In addition to 22q12.2–q12.3 (which contains MYH9), 10 regions were identified in the non-Hispanic white families with LOD scores greater than 1.5 but less than 2. Four of these regions, 3p14.1–p13, 5p13.3, 7q36.2–q36.3 and 9q22.22–q22.32, were novel; however, and there are no obvious candidate genes in two of these regions (3p14.1–p13 and 5p13.3). The remaining six regions have been reported earlier in genomic scans.8, 9, 10, 11, 13, 14, 15

The 7q36.2–36.3 region is novel and contains sonic hedgehog homolog (SHH) and engrailed homeobox 2 (EN2), two known NSCLP candidate genes. SHH plays a critical role in the development and patterning of the craniofacial processes that give rise to the developing lip and palate.45 Mutations in the human SHH gene cause holoprosencephaly-3, which can be associated with cleft lip and palate (OMIM: #142945);46 SHH null mice can have cleft palate.47 However, single-strand conformational polymorphism analysis of the SHH gene in NSCLP patients has not identified any disease-causing mutations.48 EN2 plays a role in the central nervous system development and has also been implicated in autism spectrum disorders (OMIM: #608636).49 Previous RFLP testing found no association between the EN2 gene and NSCLP.50 Although no positive findings have been found, these remain candidate genes of interest.

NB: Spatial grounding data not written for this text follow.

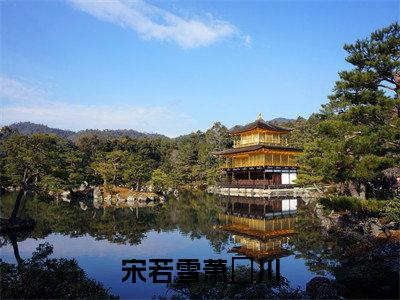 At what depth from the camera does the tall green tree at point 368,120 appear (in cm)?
1355

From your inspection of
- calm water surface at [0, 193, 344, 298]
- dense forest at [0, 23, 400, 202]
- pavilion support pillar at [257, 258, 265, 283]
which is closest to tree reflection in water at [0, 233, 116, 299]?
calm water surface at [0, 193, 344, 298]

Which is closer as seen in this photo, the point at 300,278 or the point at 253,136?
the point at 300,278

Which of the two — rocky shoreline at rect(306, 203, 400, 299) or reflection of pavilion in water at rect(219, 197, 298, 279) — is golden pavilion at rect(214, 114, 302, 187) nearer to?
reflection of pavilion in water at rect(219, 197, 298, 279)

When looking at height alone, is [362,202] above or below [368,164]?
below

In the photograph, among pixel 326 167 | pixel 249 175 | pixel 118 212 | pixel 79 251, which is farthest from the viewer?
pixel 249 175

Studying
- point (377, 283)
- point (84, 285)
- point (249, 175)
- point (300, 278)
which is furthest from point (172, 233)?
point (249, 175)

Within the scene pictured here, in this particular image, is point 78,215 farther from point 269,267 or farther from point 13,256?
point 269,267

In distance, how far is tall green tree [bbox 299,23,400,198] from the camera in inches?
533

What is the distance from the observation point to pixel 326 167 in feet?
46.5

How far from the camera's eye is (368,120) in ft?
48.6

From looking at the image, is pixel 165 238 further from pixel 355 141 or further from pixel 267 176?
pixel 267 176

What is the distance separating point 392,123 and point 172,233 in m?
13.4

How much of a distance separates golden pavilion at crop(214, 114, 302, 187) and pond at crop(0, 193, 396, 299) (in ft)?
38.1

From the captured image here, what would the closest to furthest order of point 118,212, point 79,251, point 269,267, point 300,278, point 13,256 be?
point 300,278, point 269,267, point 13,256, point 79,251, point 118,212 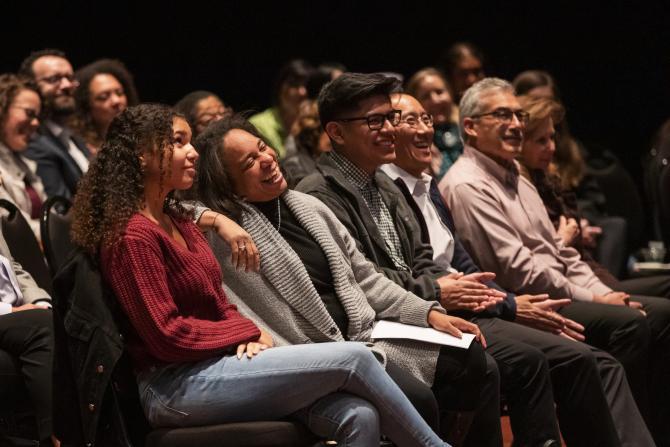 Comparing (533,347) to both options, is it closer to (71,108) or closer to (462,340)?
(462,340)

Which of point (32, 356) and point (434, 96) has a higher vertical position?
point (434, 96)

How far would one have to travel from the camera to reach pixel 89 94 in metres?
5.07

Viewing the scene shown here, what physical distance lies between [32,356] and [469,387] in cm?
124

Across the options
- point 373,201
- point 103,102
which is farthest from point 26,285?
point 103,102

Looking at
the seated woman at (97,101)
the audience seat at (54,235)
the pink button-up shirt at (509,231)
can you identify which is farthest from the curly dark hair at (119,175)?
the seated woman at (97,101)

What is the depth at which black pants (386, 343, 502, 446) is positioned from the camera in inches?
125

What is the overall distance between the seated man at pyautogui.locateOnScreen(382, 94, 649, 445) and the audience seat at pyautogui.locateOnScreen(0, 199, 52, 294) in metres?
1.23

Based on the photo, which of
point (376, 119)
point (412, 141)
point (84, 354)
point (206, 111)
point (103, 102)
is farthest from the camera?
point (103, 102)

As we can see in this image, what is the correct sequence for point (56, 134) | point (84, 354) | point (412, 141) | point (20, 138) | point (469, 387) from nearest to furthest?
point (84, 354)
point (469, 387)
point (412, 141)
point (20, 138)
point (56, 134)

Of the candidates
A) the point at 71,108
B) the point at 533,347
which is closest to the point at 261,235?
the point at 533,347

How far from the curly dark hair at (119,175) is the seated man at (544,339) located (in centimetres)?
119

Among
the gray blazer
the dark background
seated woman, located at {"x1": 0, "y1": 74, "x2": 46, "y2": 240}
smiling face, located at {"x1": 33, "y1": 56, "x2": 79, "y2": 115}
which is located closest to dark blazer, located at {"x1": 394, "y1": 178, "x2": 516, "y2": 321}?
the gray blazer

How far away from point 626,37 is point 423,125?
3.93 m

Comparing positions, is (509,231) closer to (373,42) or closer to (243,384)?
(243,384) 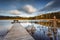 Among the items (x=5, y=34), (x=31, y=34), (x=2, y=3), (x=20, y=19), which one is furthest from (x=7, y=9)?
(x=31, y=34)

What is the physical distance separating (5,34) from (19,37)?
0.23 m

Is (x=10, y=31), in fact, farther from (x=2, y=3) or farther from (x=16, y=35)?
(x=2, y=3)

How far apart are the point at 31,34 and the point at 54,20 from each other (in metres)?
0.45

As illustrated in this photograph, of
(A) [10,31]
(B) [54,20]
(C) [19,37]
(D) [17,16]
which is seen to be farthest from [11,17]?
(B) [54,20]

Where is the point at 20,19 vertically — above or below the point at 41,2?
below

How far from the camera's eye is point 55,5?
2.07 metres

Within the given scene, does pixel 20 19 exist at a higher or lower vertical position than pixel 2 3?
lower

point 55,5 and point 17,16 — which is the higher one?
point 55,5

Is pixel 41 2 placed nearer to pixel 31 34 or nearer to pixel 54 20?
pixel 54 20

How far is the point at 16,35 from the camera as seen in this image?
77.9 inches

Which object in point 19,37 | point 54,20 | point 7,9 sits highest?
point 7,9

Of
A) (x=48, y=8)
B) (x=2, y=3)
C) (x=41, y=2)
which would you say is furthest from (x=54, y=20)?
(x=2, y=3)

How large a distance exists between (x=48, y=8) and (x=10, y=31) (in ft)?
2.45

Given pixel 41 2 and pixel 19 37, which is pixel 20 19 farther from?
pixel 41 2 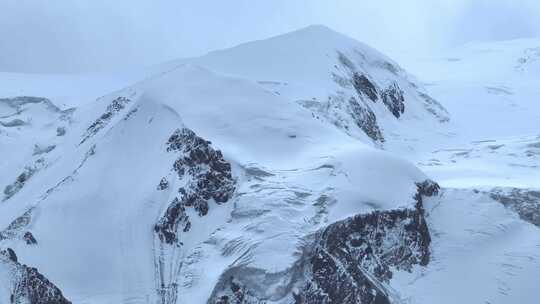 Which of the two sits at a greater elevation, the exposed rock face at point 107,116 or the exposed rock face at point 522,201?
the exposed rock face at point 107,116

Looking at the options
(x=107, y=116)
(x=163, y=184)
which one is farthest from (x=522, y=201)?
(x=107, y=116)

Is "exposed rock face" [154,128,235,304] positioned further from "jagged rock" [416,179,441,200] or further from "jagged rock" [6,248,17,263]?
"jagged rock" [416,179,441,200]

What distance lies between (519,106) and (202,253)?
5956 cm

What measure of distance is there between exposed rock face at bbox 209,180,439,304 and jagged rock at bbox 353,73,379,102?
29083mm

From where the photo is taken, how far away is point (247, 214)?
Result: 49.6 m

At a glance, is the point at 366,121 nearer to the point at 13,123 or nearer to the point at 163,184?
the point at 163,184

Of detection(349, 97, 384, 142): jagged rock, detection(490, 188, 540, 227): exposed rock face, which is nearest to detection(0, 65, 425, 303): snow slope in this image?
detection(490, 188, 540, 227): exposed rock face

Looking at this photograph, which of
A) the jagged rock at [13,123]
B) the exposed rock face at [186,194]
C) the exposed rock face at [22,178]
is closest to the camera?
the exposed rock face at [186,194]

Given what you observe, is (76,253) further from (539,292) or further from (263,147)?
(539,292)

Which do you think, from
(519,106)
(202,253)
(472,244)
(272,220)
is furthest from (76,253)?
(519,106)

Two regions on chromosome 9, 9q22.2–22.32 and 9q33.2–33.3, were identified in this genomic scan. The 9q22.2–22.32 region is novel and contains both the BarH-like homeobox 1 (Barx1) and patched homolog 1 (PTCH1). Mouse BARX1 is expressed in the first and second branchial arches that form the craniofacial processes.51 The role of Barx1 in NSCLP has not been evaluated. PTCH1, an SHH receptor, in combination with BARX1, plays a role in mid-face structure formation.52 Mutations in PTCH1 cause basal cell nevus syndrome (BCNS; OMIM: #109400) and 5% of BCNS patients have a cleft lip and palate.53 Interestingly, forkhead box E1 (FOXE1), which plays a role in thyroid morphogenesis, is located just outside this region in 9q22.33.54 The FOXE1 region has been identified in the NSCLP genome scans.55 Mutations in FOXE1 cause the Bamforth–Lazarus syndrome of which cleft palate is an associated finding (OMIM: #241850). However, sequencing of the FOXE1 gene in the NSCLP probands identified two missense mutations, both of which were predicted to be benign.56

There are some limitations to the study. NSCLP is clearly heterogeneous, and among the non-Hispanic white families, none have the potential to yield an LOD score >1.6, making it difficult to obtain conclusive evidence for linkage. The one family that can yield a nearly significant LOD score is African American; this racial group has a significantly lower risk of NSCLP than non-Hispanic whites and Hispanics and very likely has a different etiology. In addition, the sample for the association studies is not large enough to detect SNPs with minor effects. Nonetheless, we have identified new regions of interest through linkage analyses as well as candidate genes through our association studies, both of which warrant further evaluation.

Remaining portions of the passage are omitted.